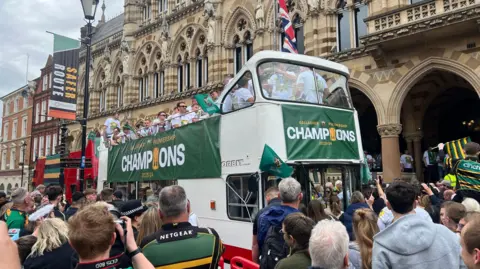 Northampton Saints players travel through the town centre in an open-top bus.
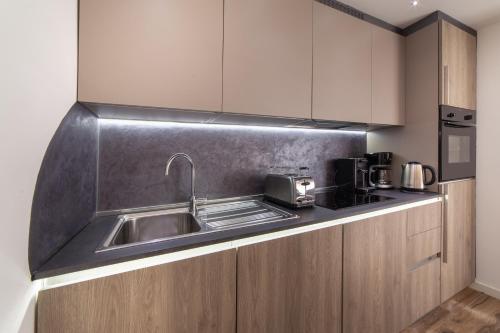 a kitchen with a sink and a microwave at The Queen Luxury Apartments - Villa Carlotta in Luxembourg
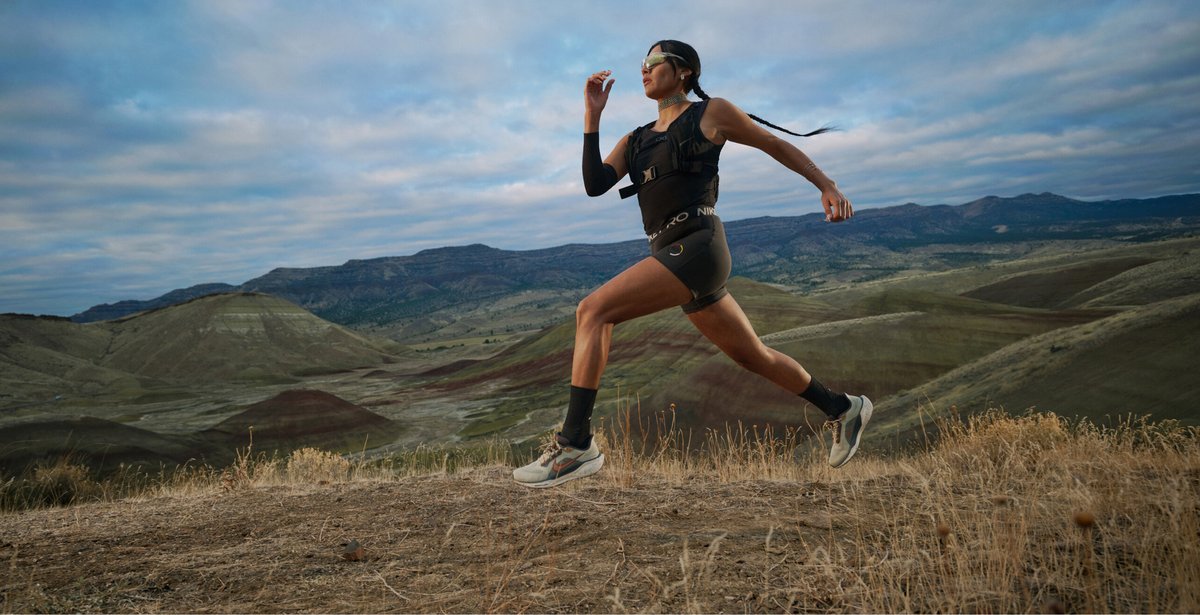 A person wearing athletic gear runs on a dirt trail with hills and mountains in the background under a cloudy sky.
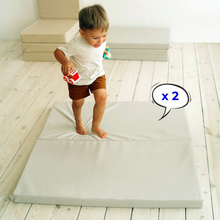 Load image into Gallery viewer, Child standing on a large mat with two smaller mats stacked behind, in a minimalistic room.

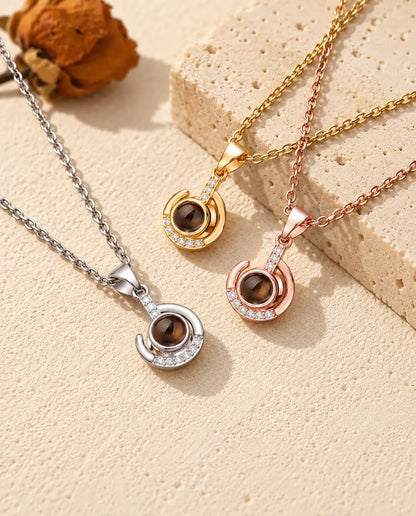 Silver tone, gold tone and rose gold tone crescent swirl pendants on travertine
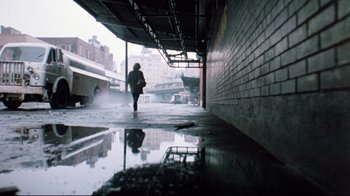 Movie still from “9½ Weeks” (1986), directed by Adrian Lyne – A person is walking down the street in the rain; Wide shot, Low angle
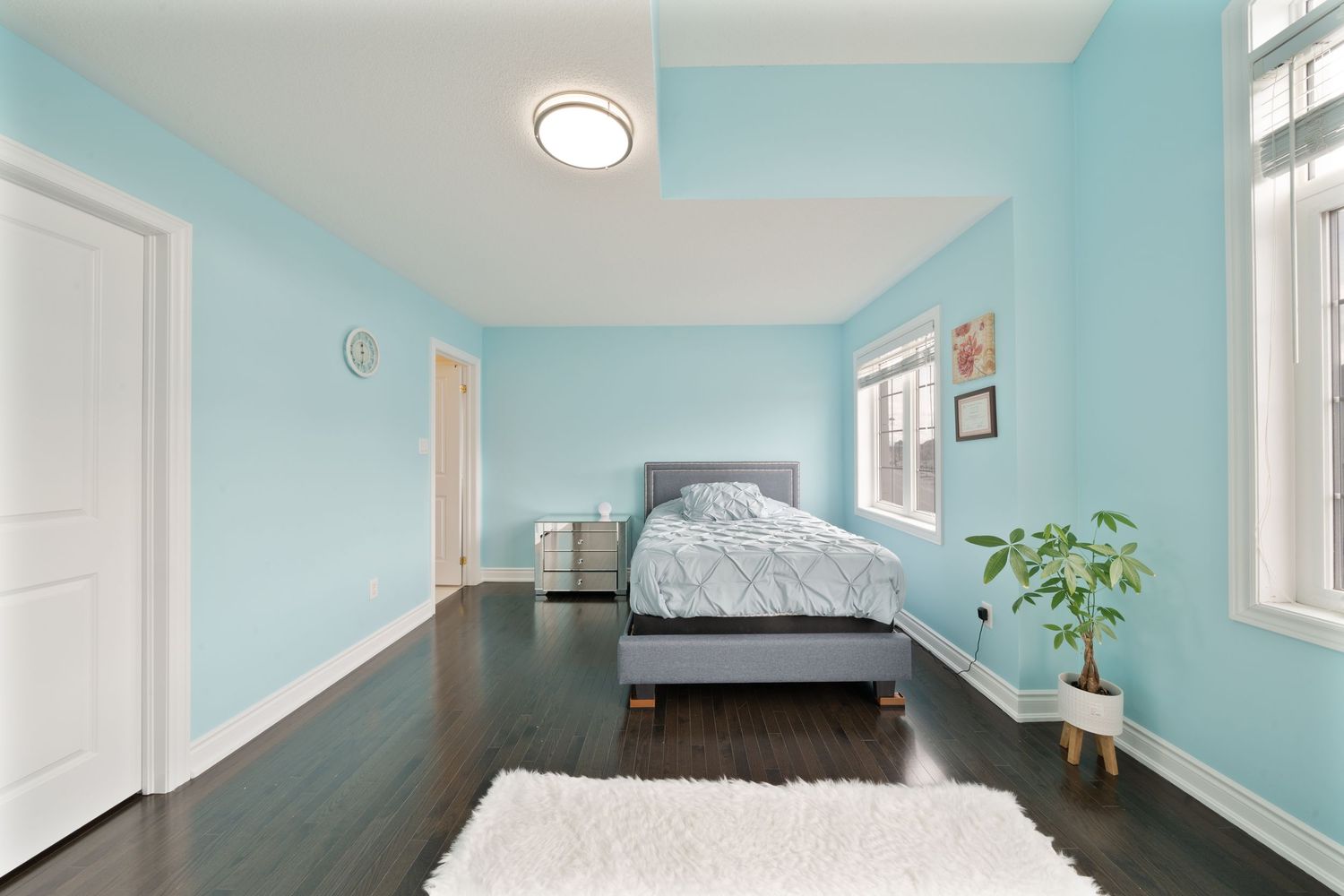 A bright and airy bedroom with light blue walls, white trim, and natural light streaming through multiple windows.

---------------

» **What to do**
Your copy should consist solely of the lines from the line containing "Load image into" through the last line of the records above, reproduced exactly, with the pictures left out.

» **Response below**
 Load image into Gallery viewer, Child standing on a large mat with two smaller mats stacked behind, in a minimalistic room.

 Silver tone, gold tone and rose gold tone crescent swirl pendants on travertine
 Movie still from “9½ Weeks” (1986), directed by Adrian Lyne – A person is walking down the street in the rain; Wide shot, Low angle
 A bright and airy bedroom with light blue walls, white trim, and natural light streaming through multiple windows.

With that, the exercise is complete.